## WHAT YOU SHOULD DO
Retype the lines below exactly, but only those from the line that has "サンクイールの駐車場|カースペースがあります" through the line that has "Gravel Ktm x strada 10 nove krasne kolo". Omit every picture.

## THE RECORDS
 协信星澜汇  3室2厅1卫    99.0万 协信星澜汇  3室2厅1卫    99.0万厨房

---

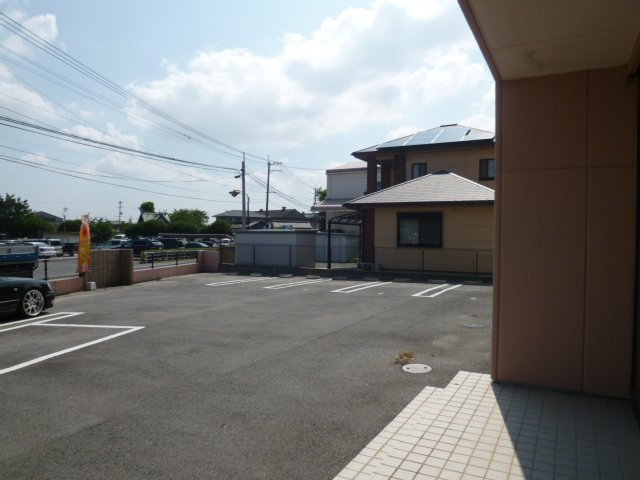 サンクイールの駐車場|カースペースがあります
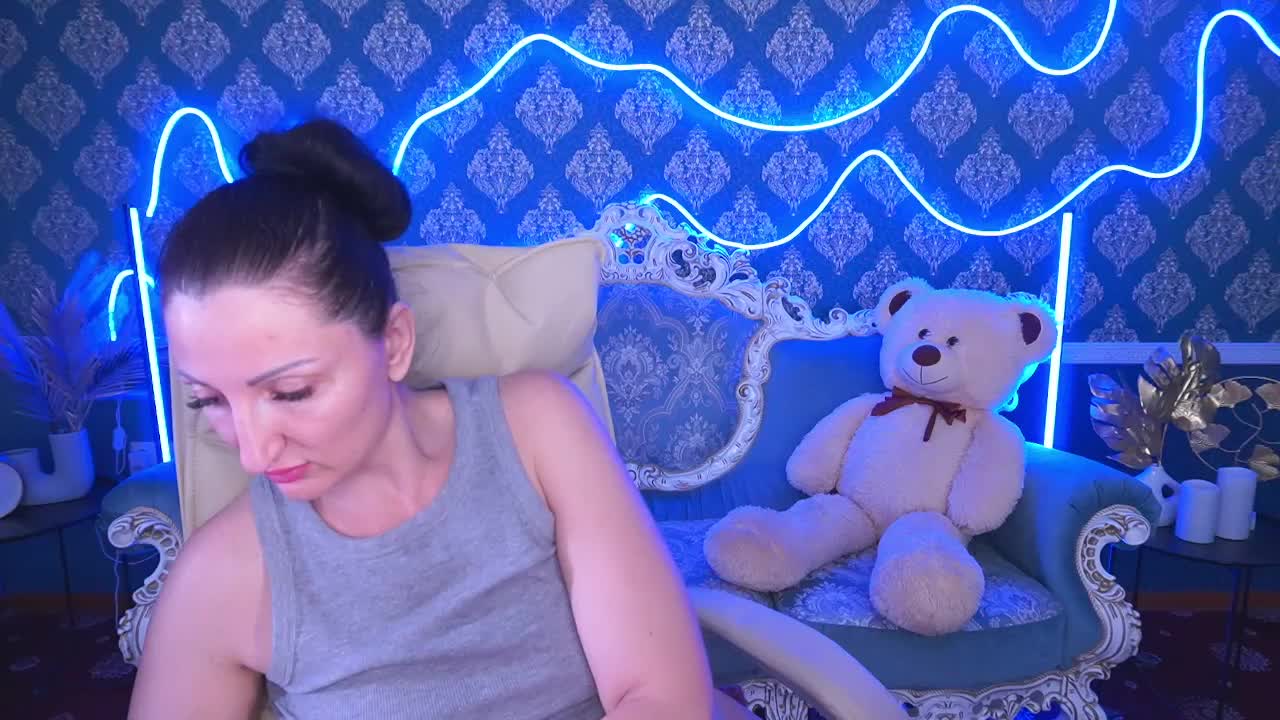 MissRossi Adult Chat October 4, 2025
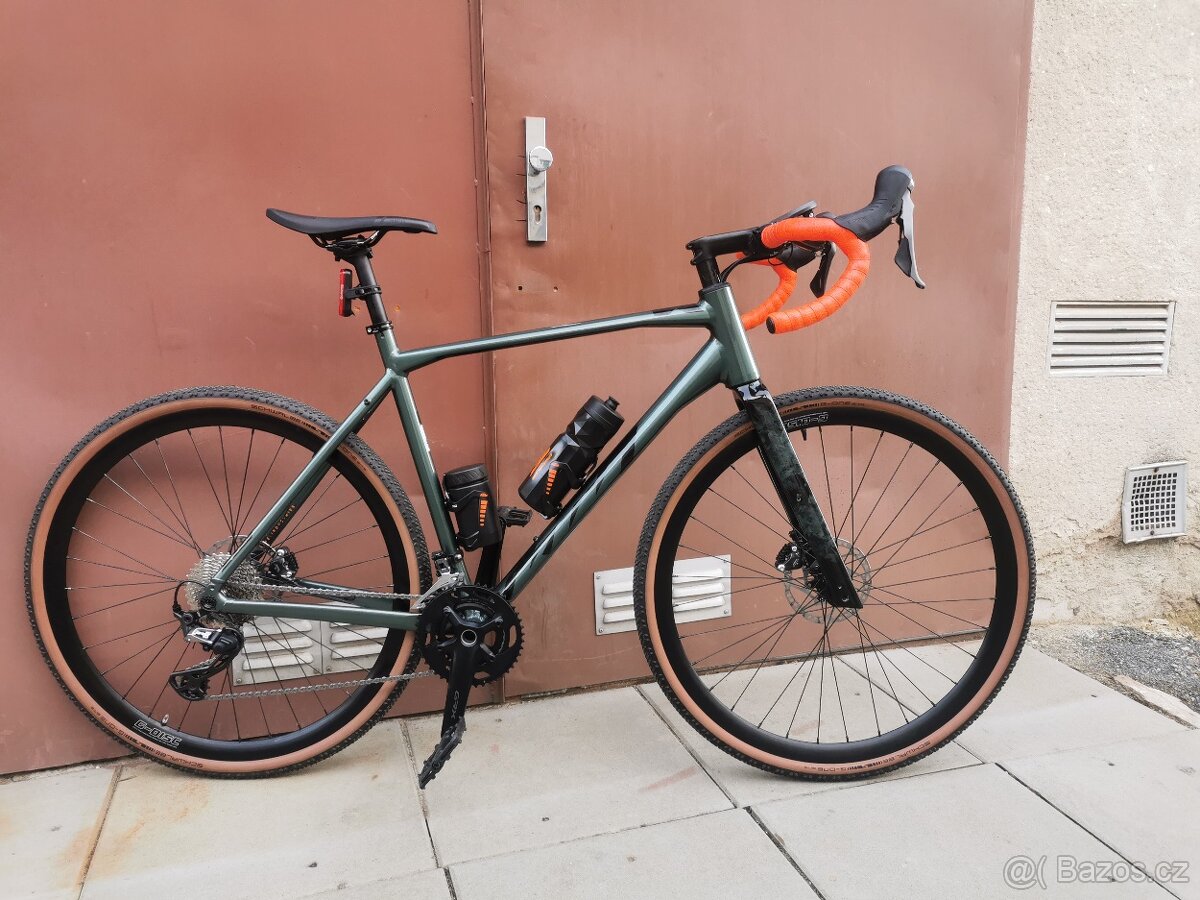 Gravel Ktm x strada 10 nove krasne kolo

## FINISHED EXERCISE
 サンクイールの駐車場|カースペースがあります
 MissRossi Adult Chat October 4, 2025
 Gravel Ktm x strada 10 nove krasne kolo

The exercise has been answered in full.